Germany on Monday called for direct talks between Greece and Turkey to de-escalate tension and resolve disputes over maritime rights in the Eastern Mediterranean after dialogue attempts collapsed with Greece signing a deal with Egypt and Turkey resumed oil and gas research.
Speaking at a news conference in Berlin, German government spokesman Steffen Seibert said Berlin was gravely concerned over recent tensions in the region.
"There is an urgent need for the involved parties, Greece and Turkey, to engage in direct talks to discuss legal maritime disputes and hopefully resolve them," he said.
When asked whether German Chancellor Angela Merkel would try to mediate between Ankara and Athens, Seibert was cautious in his remarks, saying Berlin was closely monitoring the developments.
"The federal government is in contact with both sides, and it is ready to make a contribution wherever it can be helpful. But what is of decisive importance is direct talks," he stressed.
Last month Merkel's diplomatic efforts helped defuse tensions between Turkey and Greece, after Athens objected to Ankara's seismic survey in an area south of the island of Kastellorizo (Megisti-Meis), one of the smallest Greek islands in the Aegean Sea and only 2 kilometers (1.24 miles) away from the Turkish coast.
But Greece's controversial move last week to sign a maritime delimitation agreement with Egypt, which Turkey says violates its continental shelf and maritime rights and that of Libya’s, has exacerbated tensions between the two neighbors.
Turkey announced on Monday that its seismic vessel Oruç Reis will conduct research in the region until Aug. 23. Turkey sent out a message on Navtex, the international maritime navigational telex system, announcing the vessel would be carrying out activities off of Kastellorizo between Aug. 10 and Aug. 23.
Turkey had called off an earlier search by the Oruç Reis last month to hold negotiations with Greece and Germany, which holds the rotating EU presidency.

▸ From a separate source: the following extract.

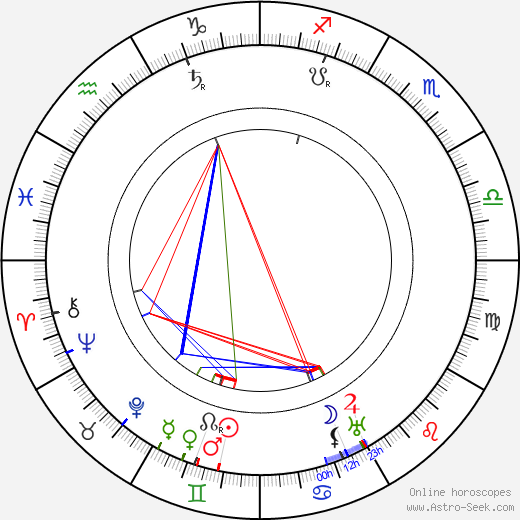 Kote Mardjanishvili birth chart, Kote Mardjanishvili astro natal horoscope, astrology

But the mood soured last week after Greece and Egypt signed an agreement to set up an exclusive economic zone (EEZ) in the region. The Turkish Foreign Ministry said the "so-called maritime deal" was "null and void."
Ankara criticizes Greece for pursuing maximalist policies in the Eastern Mediterranean and underlines that its maritime claims violate Turkey's sovereign rights, while the Greek foreign ministry on Monday accused Turkey of "threatening peace" in the Eastern Mediterranean and called a military meeting.